If read-only access is fine for your application, try out my own shared memory module. It uses mmap under the covers, so data is loaded as it's accessed and not all at once. The memory is shared among all processes on the machine. Using it is super easy:
const Shared = require('mmap-object')
const shared_object = new Shared.Open('table_file')
console.log(shared_object.property)
It gives you a regular object interface to a key-value store of strings or numbers. It's super fast in my applications.
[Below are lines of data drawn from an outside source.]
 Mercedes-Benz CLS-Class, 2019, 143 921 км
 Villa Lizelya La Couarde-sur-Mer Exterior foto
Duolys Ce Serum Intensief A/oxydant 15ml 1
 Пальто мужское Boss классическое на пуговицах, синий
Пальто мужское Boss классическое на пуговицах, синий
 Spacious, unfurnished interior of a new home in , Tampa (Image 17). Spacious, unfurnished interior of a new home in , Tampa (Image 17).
There is also an experimental read-write version of the module available for testing.
You can use Redis.
Redis is an open source, BSD licensed, advanced key-value cache and store. It is often referred to as a data structure server since keys can contain strings, hashes, lists, sets, sorted sets, bitmaps and hyperloglogs.
redis.io
This way works to "share a variable"; it is a bit more fancy than the way #Shivam did present. However, the module internally uses the same API. Therefore "shared memory" is a bit misleading as in cluster each process is a fork of the parent process. At fork time, process memory is duplicated in OS memory. Therefore there is no real shared memory except low-level shared memory like shm device or virtual shared memory page (Windows). I did implement a native module for Node.js which does make use of native shared memory (which is real shared memory) as using this technique both process read directly from a OS shared memory section. However, this solution doesn't really apply here well because it is limited to scalar values. You could of course JSON.stringify and share the JSON serialized data string, but the time it consumes to parse/stringify is totally non-ideal for most use cases. (Especially for larger objects parsing/stringifying of JSON with standard library implementations becomes non-linear).
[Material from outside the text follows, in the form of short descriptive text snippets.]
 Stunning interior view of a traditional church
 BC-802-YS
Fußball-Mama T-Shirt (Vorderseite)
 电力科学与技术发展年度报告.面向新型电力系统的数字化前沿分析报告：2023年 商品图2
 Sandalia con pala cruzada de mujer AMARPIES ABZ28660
Thus, this solutions seems the most promising for now:
const cluster = require('cluster');
require('cluster-shared-memory');
if (cluster.isMaster) {
for (let i = 0; i < 2; i++) {
cluster.fork();
}
} else {
const sharedMemoryController = require('cluster-shared-memory');
// Note: it must be a serializable object
const obj = {
name: 'Tom',
age: 10,
};
// Set an object
await sharedMemoryController.set('myObj', obj);
// Get an object
const myObj = await sharedMemoryController.get('myObj');
// Mutually exclusive access
await sharedMemoryController.mutex('myObj', async () => {
const newObj = await sharedMemoryController.get('myObj');
newObj.age = newObj.age + 1;
await sharedMemoryController.set('myObj', newObj);
});
}
This question was posted in 2012, exactly 10 years ago. Since no other answer has mentioned it, Node.js now supports Worker Threads that support shared memory.
Directly from the docs:
Workers (threads) are useful for performing CPU-intensive JavaScript operations.
Unlike child_process or cluster, worker_threads can share memory. They do so by transferring ArrayBuffer instances or sharing SharedArrayBuffer instances.